In particular, one of LRO’s six primary instruments is the DLRE – the first instrument to “systematically map the global thermal state of the Moon and its diurnal and seasonal variability.”

During LRO’s primary one year science mission, the DLRE will be capable of locating resources critical to humanity’s return to the moon – currently scheduled for the end of the next decade.

DLRE will be responsible for creating detailed, global maps of the lunar surface temperature over the lunar day and year, assessing the stability of potential polar ice deposits, mapping compositional variations in the lunar surface, and allowing lunar scientists to identify potential hazards on the lunar surface such as roughness of the terrain and rock concentration.

As a side note, the DLRE will also be able to detect the lunar rover tracks and the six descent stages left behind from the various Apollo missions in the late 1960’s and early 1970’s.

Overall, the main science goals for DLRE – identified by the science team and NASA – are: “Mapping global day/night surface temperatures, characterizing thermal environments for habitability, determining rock abundance at potential landing sites, identifying polar cold traps and potential polar ice deposits, and mapping variations in silicate mineralogy.”

To accomplish these objectives, DLRE will collect measurements on reflected solar and emitted infrared radiation along nine spectral channels with wavelengths between 0.3 and 400 microns.

Among these nine channels are “two solar reflectance channels, three mineralogy channels, and four thermal channels.”

These particular channels are distributed between two identical, bore-sighted telescopes – telescopes A and B. These telescopes are 3-mirror, off-axis, focal length 1.7 telescopes with 4-centimeter apertures.

Telescope A will monitor channels between 0.35 and 23 microns, where Telescope B will monitor channels between 25 and 400 microns.

The DLRE will be positioned primarily in a nadir orientation.

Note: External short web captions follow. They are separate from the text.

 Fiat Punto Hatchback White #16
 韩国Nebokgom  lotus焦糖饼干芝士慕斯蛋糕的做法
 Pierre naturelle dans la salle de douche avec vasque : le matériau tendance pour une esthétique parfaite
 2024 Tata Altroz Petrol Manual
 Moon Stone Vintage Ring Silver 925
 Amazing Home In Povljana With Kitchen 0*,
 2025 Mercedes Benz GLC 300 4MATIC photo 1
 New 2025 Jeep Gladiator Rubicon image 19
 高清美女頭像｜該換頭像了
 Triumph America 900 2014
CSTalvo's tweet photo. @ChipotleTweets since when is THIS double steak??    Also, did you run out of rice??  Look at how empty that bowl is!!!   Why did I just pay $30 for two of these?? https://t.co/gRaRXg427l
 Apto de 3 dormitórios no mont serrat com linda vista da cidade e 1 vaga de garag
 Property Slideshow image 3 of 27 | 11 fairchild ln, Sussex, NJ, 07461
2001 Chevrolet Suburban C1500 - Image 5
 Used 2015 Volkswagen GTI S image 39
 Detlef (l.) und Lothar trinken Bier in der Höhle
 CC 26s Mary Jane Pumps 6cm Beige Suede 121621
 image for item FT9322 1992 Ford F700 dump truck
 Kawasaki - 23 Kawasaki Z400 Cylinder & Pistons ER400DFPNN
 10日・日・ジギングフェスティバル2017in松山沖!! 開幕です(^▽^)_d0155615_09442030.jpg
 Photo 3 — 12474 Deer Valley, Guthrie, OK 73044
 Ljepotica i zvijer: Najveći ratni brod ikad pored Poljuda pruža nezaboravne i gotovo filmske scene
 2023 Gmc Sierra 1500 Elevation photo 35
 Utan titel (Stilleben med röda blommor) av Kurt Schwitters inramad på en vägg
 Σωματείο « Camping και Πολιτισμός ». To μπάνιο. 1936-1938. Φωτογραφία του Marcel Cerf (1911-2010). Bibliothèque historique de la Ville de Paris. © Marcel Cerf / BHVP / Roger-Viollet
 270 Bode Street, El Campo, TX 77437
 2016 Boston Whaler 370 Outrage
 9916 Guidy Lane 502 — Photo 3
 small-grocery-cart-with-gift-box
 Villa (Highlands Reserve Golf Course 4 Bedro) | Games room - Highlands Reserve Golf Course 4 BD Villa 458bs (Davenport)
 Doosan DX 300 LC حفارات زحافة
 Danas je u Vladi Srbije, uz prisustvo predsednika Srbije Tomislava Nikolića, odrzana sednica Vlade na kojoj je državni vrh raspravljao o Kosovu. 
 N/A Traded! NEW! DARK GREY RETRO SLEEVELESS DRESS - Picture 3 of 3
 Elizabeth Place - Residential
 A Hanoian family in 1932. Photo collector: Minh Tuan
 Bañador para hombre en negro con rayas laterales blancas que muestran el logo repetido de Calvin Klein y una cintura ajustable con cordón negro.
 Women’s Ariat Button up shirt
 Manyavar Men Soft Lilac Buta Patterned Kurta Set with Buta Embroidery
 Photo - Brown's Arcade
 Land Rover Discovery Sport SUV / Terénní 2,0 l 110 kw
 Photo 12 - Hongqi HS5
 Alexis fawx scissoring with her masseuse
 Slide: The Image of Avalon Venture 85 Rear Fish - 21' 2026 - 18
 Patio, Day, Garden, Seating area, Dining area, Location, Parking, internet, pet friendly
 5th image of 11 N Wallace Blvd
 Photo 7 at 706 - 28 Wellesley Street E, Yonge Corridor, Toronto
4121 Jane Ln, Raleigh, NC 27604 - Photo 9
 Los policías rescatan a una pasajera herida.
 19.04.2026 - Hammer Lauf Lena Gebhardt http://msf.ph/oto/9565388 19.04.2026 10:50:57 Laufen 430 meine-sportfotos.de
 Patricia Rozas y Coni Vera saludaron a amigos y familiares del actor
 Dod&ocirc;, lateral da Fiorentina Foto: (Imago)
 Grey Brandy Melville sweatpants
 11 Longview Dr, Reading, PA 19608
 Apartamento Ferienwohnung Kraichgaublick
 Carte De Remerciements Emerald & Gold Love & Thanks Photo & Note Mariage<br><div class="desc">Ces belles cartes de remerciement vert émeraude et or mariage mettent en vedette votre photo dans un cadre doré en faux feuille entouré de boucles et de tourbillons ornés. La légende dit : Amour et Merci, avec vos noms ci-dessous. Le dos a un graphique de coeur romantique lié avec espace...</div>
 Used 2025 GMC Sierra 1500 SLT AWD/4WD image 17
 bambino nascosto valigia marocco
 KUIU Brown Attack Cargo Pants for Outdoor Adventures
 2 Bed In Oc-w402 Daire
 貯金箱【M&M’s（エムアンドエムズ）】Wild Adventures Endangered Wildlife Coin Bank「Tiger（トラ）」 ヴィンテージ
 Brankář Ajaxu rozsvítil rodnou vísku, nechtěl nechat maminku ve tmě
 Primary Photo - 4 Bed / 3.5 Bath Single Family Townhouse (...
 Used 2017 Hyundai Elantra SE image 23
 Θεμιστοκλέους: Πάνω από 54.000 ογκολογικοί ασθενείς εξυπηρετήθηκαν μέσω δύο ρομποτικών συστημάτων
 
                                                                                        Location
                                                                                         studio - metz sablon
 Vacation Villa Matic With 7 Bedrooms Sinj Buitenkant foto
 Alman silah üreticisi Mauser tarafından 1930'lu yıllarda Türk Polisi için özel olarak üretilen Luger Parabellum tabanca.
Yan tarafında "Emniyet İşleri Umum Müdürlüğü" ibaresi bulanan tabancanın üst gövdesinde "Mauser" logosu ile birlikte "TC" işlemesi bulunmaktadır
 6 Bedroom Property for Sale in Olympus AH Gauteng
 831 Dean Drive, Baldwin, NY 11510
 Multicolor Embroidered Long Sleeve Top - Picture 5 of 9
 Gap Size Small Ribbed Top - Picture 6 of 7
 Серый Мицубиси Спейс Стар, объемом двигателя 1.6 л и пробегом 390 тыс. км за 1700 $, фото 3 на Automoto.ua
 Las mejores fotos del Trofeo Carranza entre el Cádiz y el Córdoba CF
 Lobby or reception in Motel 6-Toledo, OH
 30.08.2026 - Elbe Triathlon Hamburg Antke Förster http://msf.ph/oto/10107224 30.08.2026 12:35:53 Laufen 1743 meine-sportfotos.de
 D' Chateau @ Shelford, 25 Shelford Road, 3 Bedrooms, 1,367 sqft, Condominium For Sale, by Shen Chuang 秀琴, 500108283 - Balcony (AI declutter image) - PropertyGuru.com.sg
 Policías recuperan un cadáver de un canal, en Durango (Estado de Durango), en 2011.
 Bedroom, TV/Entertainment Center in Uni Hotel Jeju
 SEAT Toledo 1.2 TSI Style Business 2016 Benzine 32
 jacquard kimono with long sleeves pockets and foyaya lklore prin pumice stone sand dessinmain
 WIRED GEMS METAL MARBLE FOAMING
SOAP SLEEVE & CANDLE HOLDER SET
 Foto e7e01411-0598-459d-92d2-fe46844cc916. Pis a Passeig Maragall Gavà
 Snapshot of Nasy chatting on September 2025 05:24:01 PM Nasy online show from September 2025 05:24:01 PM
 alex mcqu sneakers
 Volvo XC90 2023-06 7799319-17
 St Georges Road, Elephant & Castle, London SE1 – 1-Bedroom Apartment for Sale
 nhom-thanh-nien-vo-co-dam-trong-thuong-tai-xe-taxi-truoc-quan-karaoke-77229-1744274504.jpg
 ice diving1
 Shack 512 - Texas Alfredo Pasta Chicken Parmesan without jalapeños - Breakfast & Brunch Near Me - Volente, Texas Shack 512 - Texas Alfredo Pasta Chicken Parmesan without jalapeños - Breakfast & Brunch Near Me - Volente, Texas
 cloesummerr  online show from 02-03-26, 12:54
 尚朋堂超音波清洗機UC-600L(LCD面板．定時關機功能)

It is mounted on the nadir panel of the LRO which will allow the instrument continuous views of the lunar surface as LRO’s other instruments conduct their observations or — thanks to two actuators which allow 270 degrees of motion – a view of space.

One of the reasons this instrument is so important to the LRO team and NASA is its ability to increase our knowledge of the lunar seasons and lunar thermal environments.

As the DLRE fact sheet indicates, the moon’s surface thermal environment is among the most extreme of the planetary bodies in our solar system – representing a unique challenge to future human settlements and robotic mission to our natural satellite as all spacecraft and housing units will have to be able to withstand the drastic thermal changes present on the moon.

lroIn particular, there are three thermal areas on the moon: daytime, nighttime, and polar.

Specifically, the moon’s daytime thermal environment is controlled by “the flux of solar radiation” – allowing temperatures to reach as high as 260 degrees F/127 degrees C. In contrast, the 14-day lunar night cycle sees temperatures of -179 degrees F/-173 degrees C.

However, the lunar polar regions’ thermal characteristics are more complex. Essentially, the topography and lunar seasons play a large role in determining the polar regions’ thermal properties.

While parts of the polar regions receive very little direct illumination from the sun, others receive permanent illumination or no illumination at all. In the regions that receive very little sunlight, it is currently thought that the daily temperatures range from -297 degrees F/-182 degrees C to -387 F/-232 C – possibly even lower.

By using the DLRE and LEND instruments, NASA and lunar scientists will be able to correlate hydrogen abundance with cold-trap surface and subsurface temperatures.

To this end, high levels of hydrogen would lend evidence to the presence of cold-trapped water ice – an important find for the future of human exploration of the solar system.

LCROSS:

NASA’s Lunar CRater Observation and Sensing Satellite (LCROSS) was selected in April 2006 as a “low-cost, fast track companion mission for LRO.”

Designed to answer the question “Does water exist in a permanently shadowed lunar crater,” the LCROSS experiment will utilize a “shepherding spacecraft” packed with instrumentation and the Atlas V’s Centaur upper stage to complete its mission objectives of smashing into a permanently shadowed crater on the moon’s south pole and examining the ejecta plume for traces of water and other minerals/materials that might be useful to future human settlements on our closet cosmic neighbor.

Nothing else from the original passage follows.